Angelo Pintus, il Kivvipaka e la fitta sassaiola dell’ingiuria

Angelo Pintus è vittima di un fenomeno che conosciamo noi stessi. E che noi stessi viviamo e denunciamo sulla nostra pelle.

La pratica del “kivvipaka”. Il nuovo sport estremo dei notutto e altri praticanti del nostro mondo: il mondo delle “informazioni non del tutto verificate”. Quelle che, alla fine, diventano disinformazioni e fake news.

La teoria mutuata dal complotto secondo cui chiunque non assecondi la narrazione del Complotto si presenti nello stato allotropico di Potere Forte o “pakato dai Poteri Forti” (sic!).

La teoria assurda ma ormai data per assodata che esista una Cospirazione mondiale dal portafoglio a fisarmonica che sostanzialmente foraggia e paga il mondo intero per contraddire la narrazione complottista di turno.

L’equivalente di un Onnipotente Sovrano Occulto del mondo che abbia a libro paga buona parte del mondo conosciuto (tutti quelli estranei alla narrazione di turno) per compiere l’atto equivalente del ragazzino bullo che tira giù i calzoni al compagnetto vanesio.

E usiamo vanesio non a caso: per convincersi che Angelo Pintus, Bufale, divulgatori, artisti, ricercatori, giornalisti e politici siano “pagati” solamente per irridere qualcuno, bisogna avere una dose di egocentrismo tale da avere un centro di gravità autonomo e personale.

Dicevamo, ci è passato anche Pintus

Angelo Pintus, il Kivvipaka e la fitta sassaiola dell’ingiuria

Quasi ci secca far notare che in realtà né Angelo Pintus, né J-Ax né nessun altro è pagato dai Poteri Forti per “far battute” sugli assolutamente non permalosi complottisti notutto.

Ci secca far notare che, oggettivamente, il Pintus di turno non ha certo bisogno di “visibilità su Facebook” come l’ultimo degli sbarcati da Pianobar, dato che la sua carriera di comico esisteva prima ed esisterà dopo.

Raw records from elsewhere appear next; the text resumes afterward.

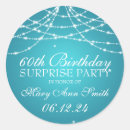 Search for surprise birthday stickers 60th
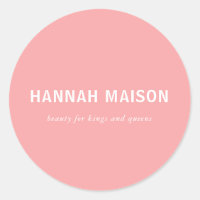 Moderno, simple, profesional, salón, rosa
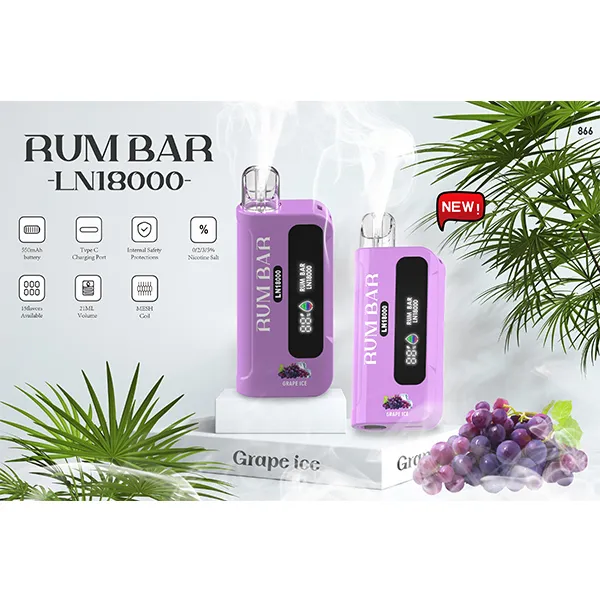 Rum Bar 18000 Puff Grape ice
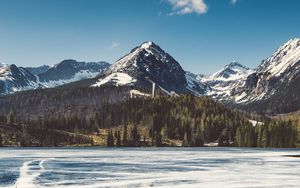 Превью обои strba tarn, словакия, горы, озеро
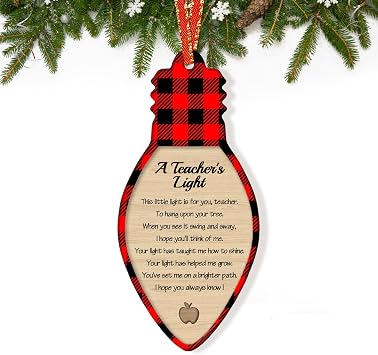 JUESMOS Teacher Christmas Ornament 2025 Teacher Appreciation Gifts for Women Teachers Ornament for Christmas Tree Thank You Gifts for Teachers from Students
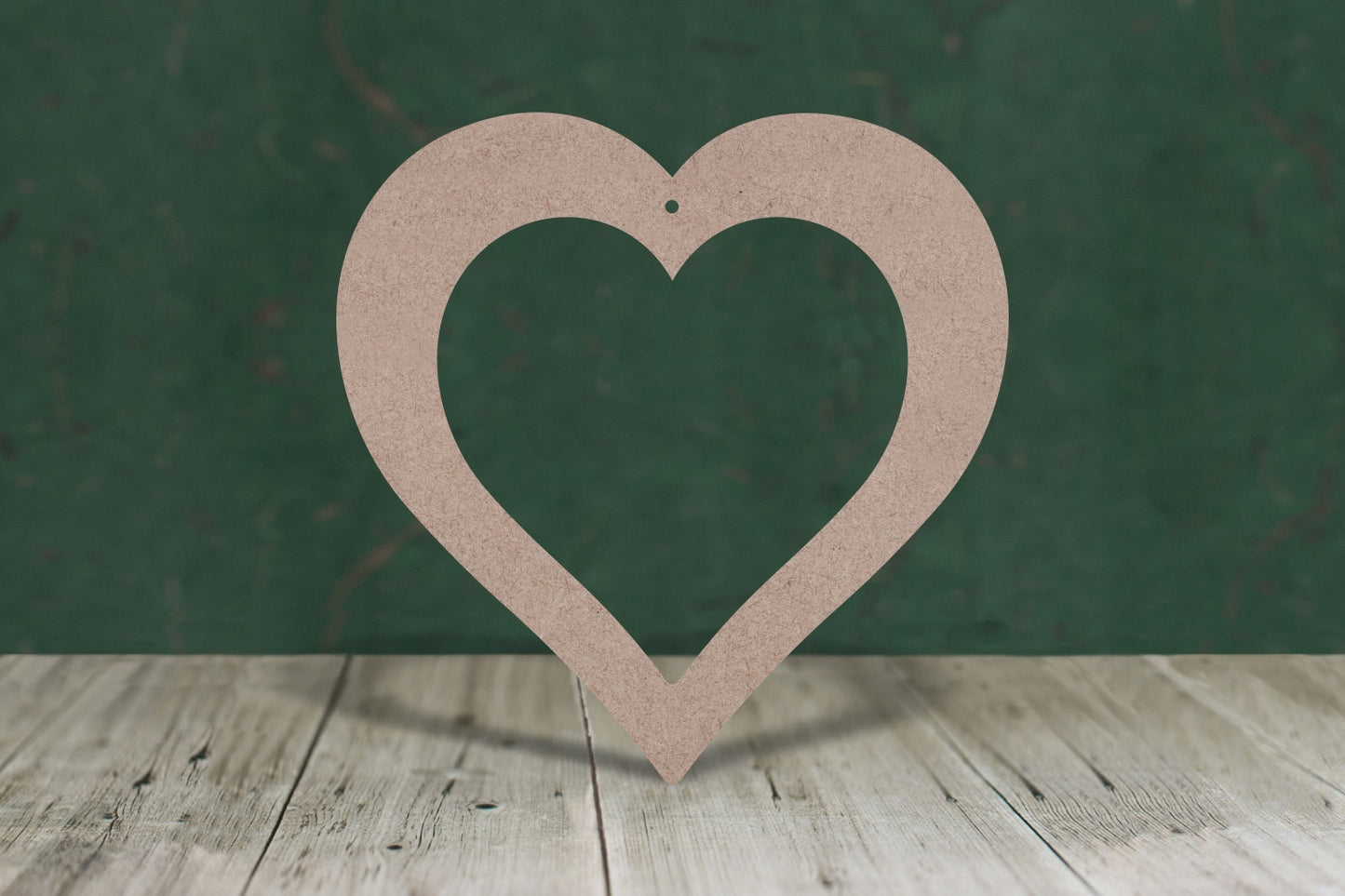 Open Heart shape - 3mm MDF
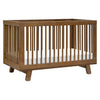 Hudson 3-in-1 Convertible Crib w/ToddlerBedConversionKit in White/Washed Natural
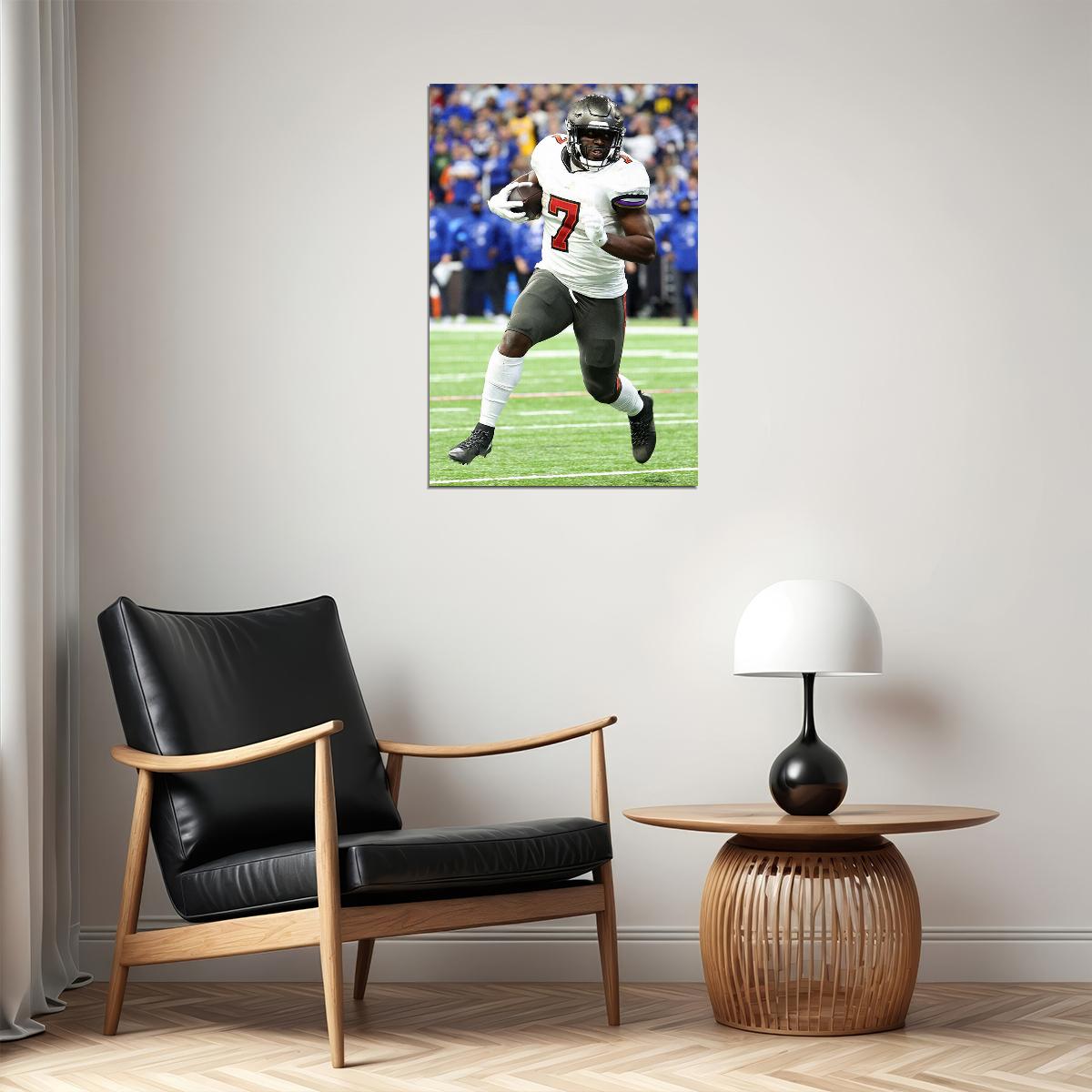 Tampa Bay Buccaneers American Football 7 Leonard Fournette Poster Wall Art Print Home Wall Decor - xonomax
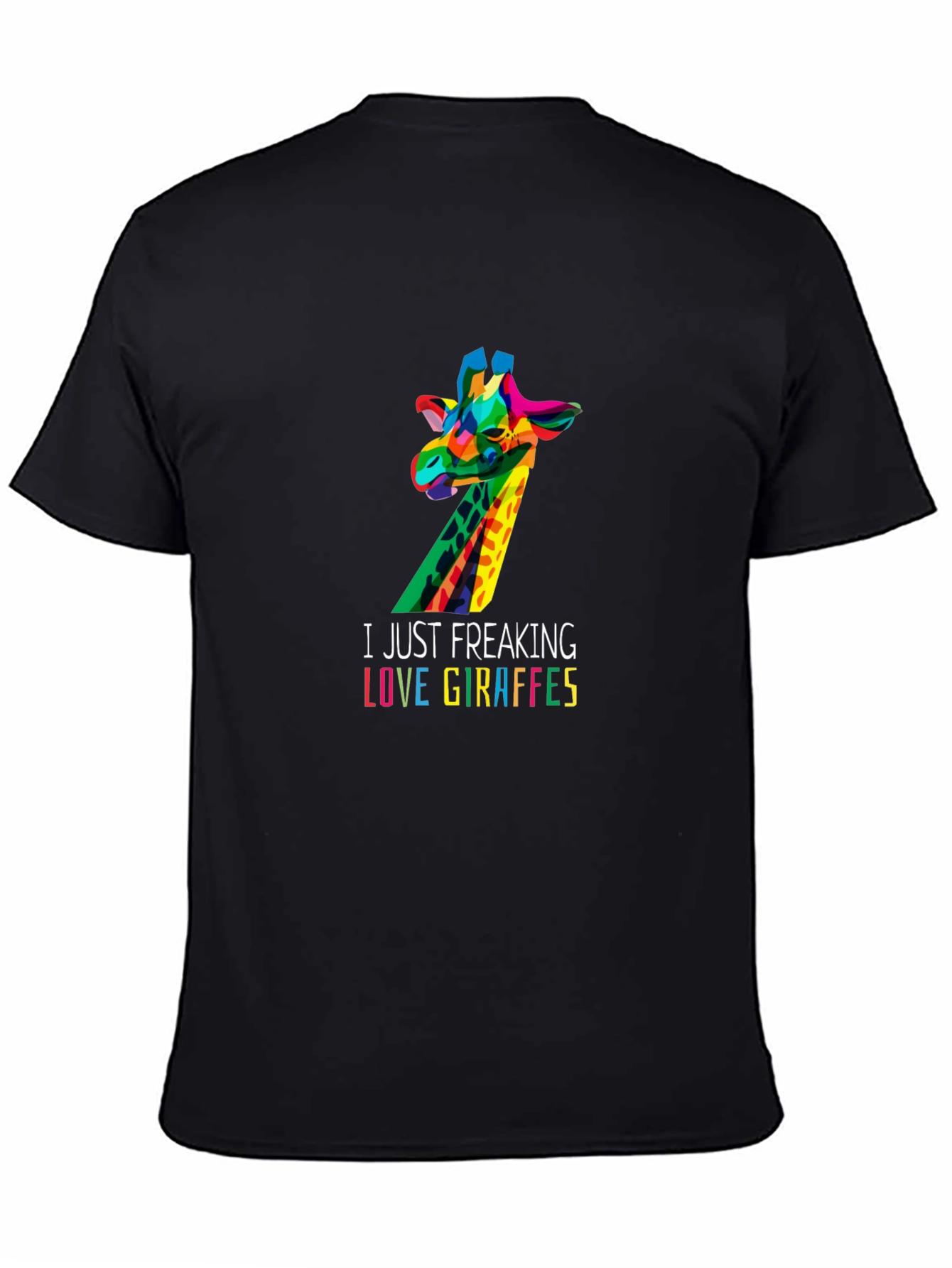Colorful Giraffe Lover T-Shirt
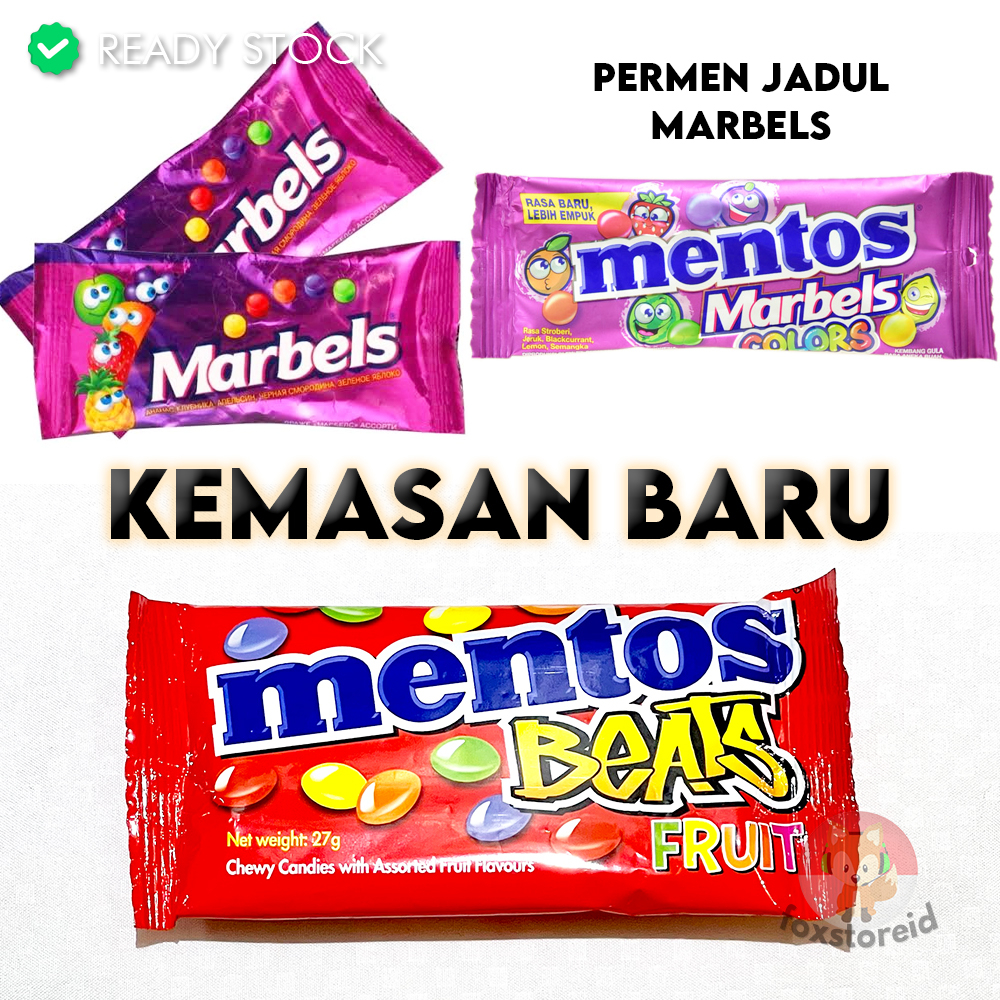 

Mentos Beats 27g Permen Impor Jadul Marbels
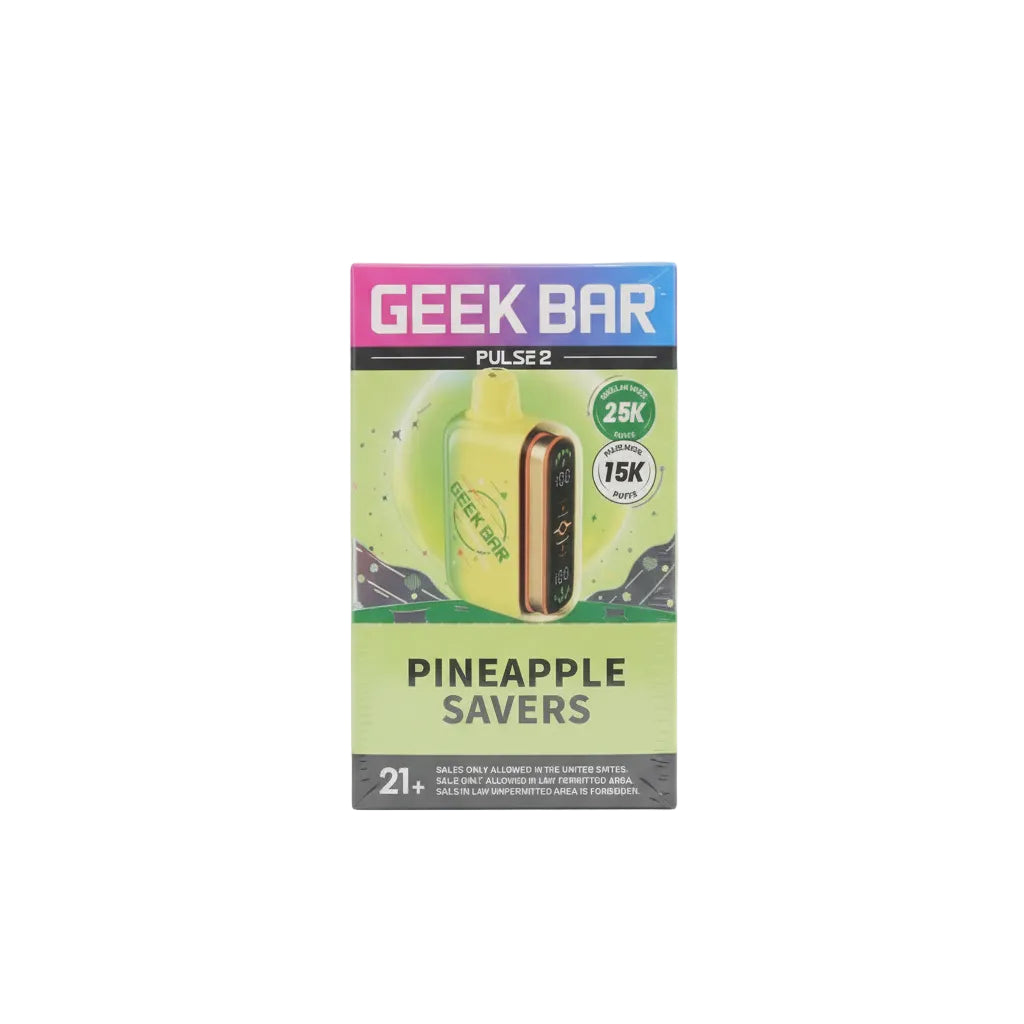 GEEK BAR PULSE2 HUBBA 25K VAPE 5PK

Peraltro, potremmo aggiungere che se davvero qualcuno ritiene che Piero Pelù abbia bisogno della popolarità di “Tizio a caso che scrive alla gente che sono pipati” su Facebook, non comprende la magnitudine della popolarità di Pelù, J-Ax e le altre persone che cita.

Piuttosto, ci preme in questo momento ricordare che dare dei “pipati morti di soldi” a qualcuno potrebbe constare di diffamazione aggravata dal mezzo.

E in casi assai simili si è arrivati al bisogno di tutela del diffamato di turno.

Si rischia dunque, a dichiarare che il prossimo sia pagato dai poteri forti, a diventare il suo primo finanziatore. In tribunale.